If you are getting worried or tired of continuing to wake up every night, according to babyology , there are some techniques you can do to try to ensure your baby’s sleep and yours.
1. Try to put him to sleep between 19h and 19h30. Did you know that your child has the deepest sleep between 20:00 and 00:00? That means that if he goes eight out of bed, he will not get enough sleep and this can cause him to wake up more often at night.
2. Try to let him sleep alone. Some babies are still learning the art of getting to sleep alone. So if you go into his room at the first sound you hear, you may end up accustomed to needing you to sleep. If crying increases, try the next tip.
3. Offer limited help. If he cannot sleep alone, help him a little. He will always require lap and warmth every time he goes to sleep if he is accustomed to it. So start by offering a care in the back so he knows you are there, but when he calms down, leave the room. If he cries again, it takes longer to return. So you begin to train him to understand that he does not need you to sleep.
4. Check if he is not sick. Of course, sometimes your child may be crying because he feels bad or has toothache. In these situations, it is when he most needs us. So it is important to check if he is not sick or if a new tooth is not being born before deducing that he needs sleep training.
5. Give comfort. A warm duvet, a fluffy stuffed animal, a T-shirt with its smell. This can all help bring more comfort at night.
6. Create a routine. A simple and consistent routine is comforting for your child. This may include a hot bath, a story or a song. Doing the same thing every night will prepare you and he will know it’s bedtime.
7. Keep your sleep sound. You may find that your child needs less sleep if he is waking up more often at night, but in fact, he may need more. Babies need on average 10 to 14 hours of sleep per day and this includes afternoon nap.
8. Change of habit. If your child has gone from sleeping all night to suddenly starting to wake up like a baby again, make sure something has changed in his world. A new sibling, shift from daycare or started training to go to the bathroom alone. This can all make you regain some sleep. If you identify any changes, try to work on that with it.
9. Be gentle but firm.
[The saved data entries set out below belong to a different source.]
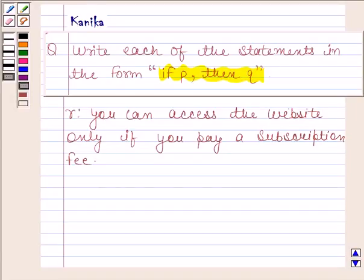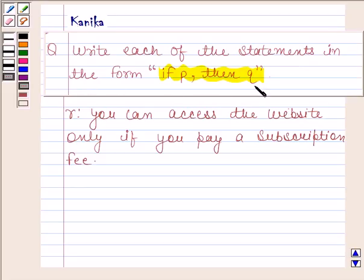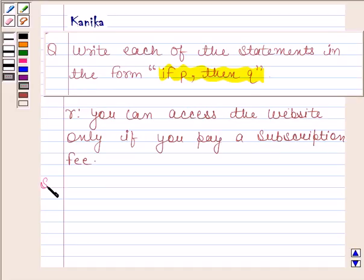Hi and welcome to our session. Let us just ask the following question. The question says: write each of the statements in the form 'if P then Q.' The given statement is: you can access the website only if you pay a subscription fee.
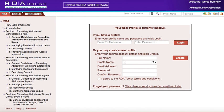If you have any problems logging in with your profile or changing your profile name to something unique, do contact us at rdatoolkit@ala.org and we will help you resolve that problem quickly.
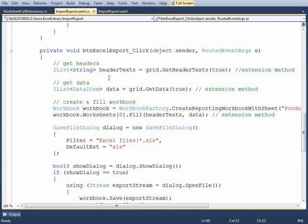I've added a couple other extension methods here to make life a little bit easier within the code behind. So in order to get the text for the headers or the column names within the grid, I implemented this GetHeaderText extension method.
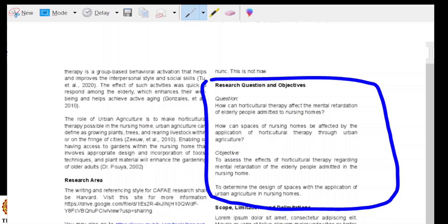I'd just like you to notice that there are subsections here. For the coming third submission, what you can do is just write the research question. We are not going to be required to write the objectives, and I will not be commenting on the research question.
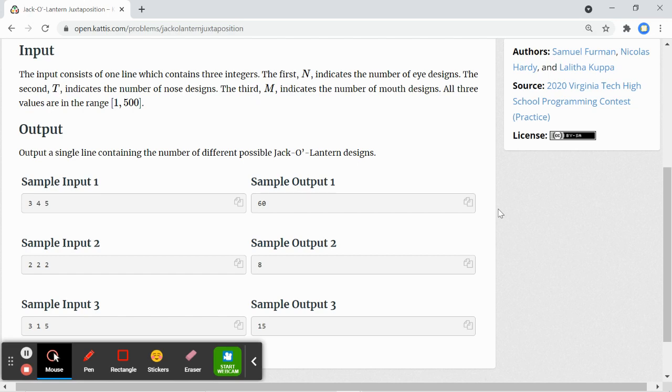To do this, we multiply the three integers together to find the output.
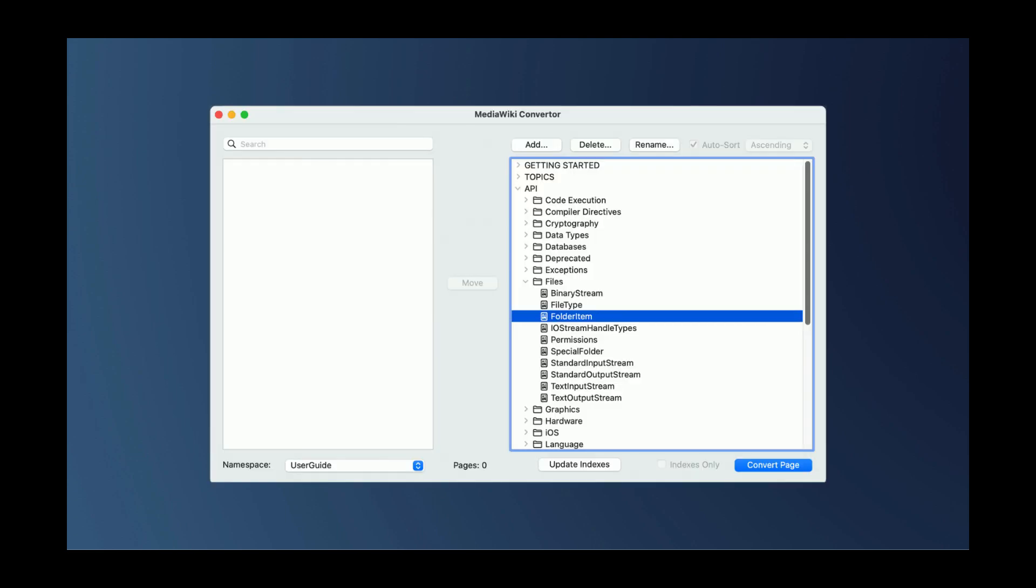I created the app so that on the left would be all of the MediaWiki pages. And on the right, I could create a hierarchy that would become the sidebar that's in the documentation today. I could simply create new categories, drag and drop pages, and then when I was ready, press convert to convert all of them to the new system at once.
When you enter his bedroom at bedtime, be gentle but firm about bedtime. Stay calm and quiet to reinforce the idea of this time of day.
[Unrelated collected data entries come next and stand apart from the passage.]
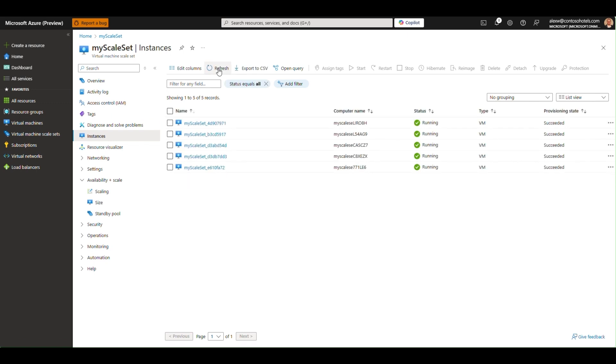The standby pool now has 5 instances in the pool and the scale set has 5. Any further scale out events will once again use instances from the pool. By using standby pools, you can respond to scale out events much faster than before, even at significantly greater scales.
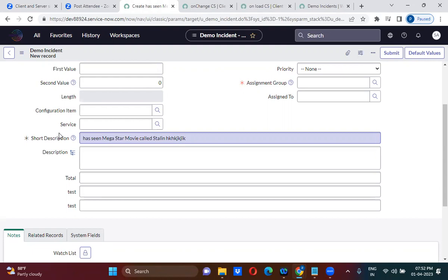New value and old value we will use; isLoading we will sometimes use; isTemplate as well. But 99 to 100 percent of the time we don't use control. Control is actually an HTML object of this particular field — you can inspect it by right-clicking and clicking on inspect.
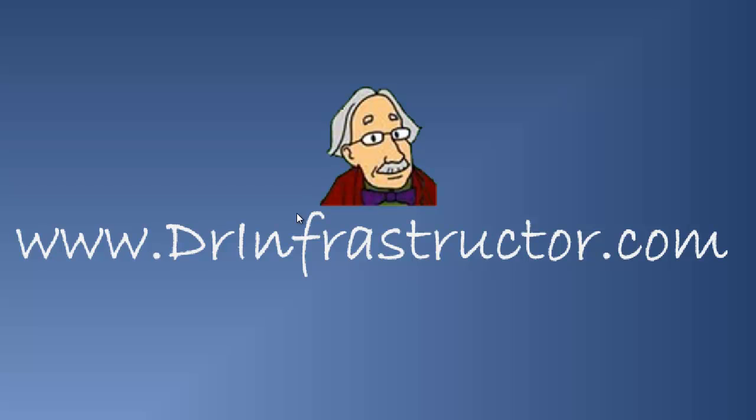For further information, see DrInfrastructure.com.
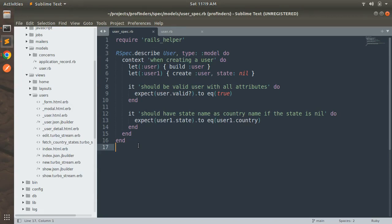Hey guys, welcome back. In the last lecture we saw how to test custom validations using RSpec. In this lecture we will check another basic thing using RSpec for the user model — how to test ActiveRecord exceptions. Whenever you try to save a record and get a validation error, Rails might throw an ActiveRecord::RecordInvalid exception if you use the save! method.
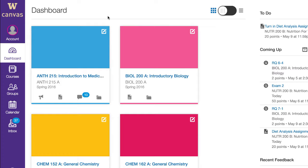When you first log into Canvas, you'll see several colored cards in the main part of the dashboard. Each card represents a course and can display up to four main features of a Canvas course: announcements, assignments, discussions, and files.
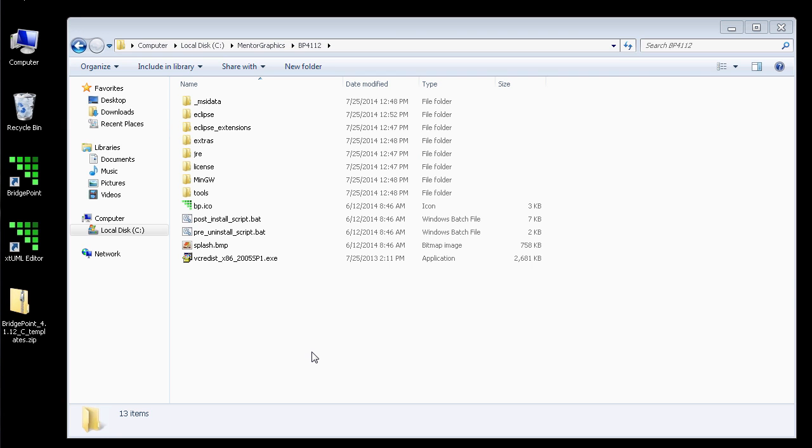In this video, I'm going to demonstrate how to install the Bridgepoint Source Model Compiler. Note that this video only pertains to customers who have purchased the Source Model Compiler from MentorGraphics. Let's get started.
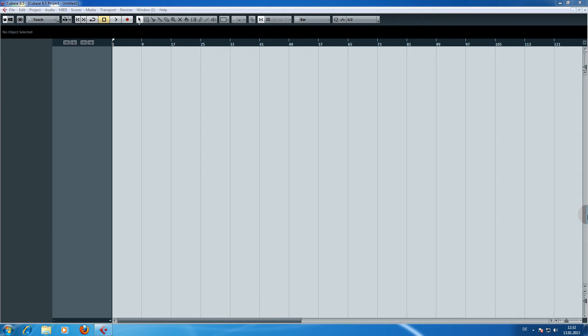Hello and welcome to this video tutorial. In this video tutorial I will show you how to set up Symphonic Orchestra inside Cubase.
10. Help you process the day. Sometimes babies wake up at night because they can not process some things, so they keep thinking, unable to relax. What can help is to talk about the events of the day before bed while you wear it or brush your teeth. This will help you process and understand the experiences of the day, so he can stay in peace.
11. Nightmares. If he wakes up violently and screams, he may be suffering from nightmares. Night terror is an enigma, but it happens in infancy, especially with infants. He may be with his eyes open, but he is actually asleep. The ideal to deal with this is to not try to wake him up and hope to pass. Waking up your baby means leaving you upset and more confused, which can make it difficult to sleep again.
12. Encourage you to spend energy during the day. Children need to spend energy before bed. It is important that he not only sit or sit in front of the television. Helping you to run, joking.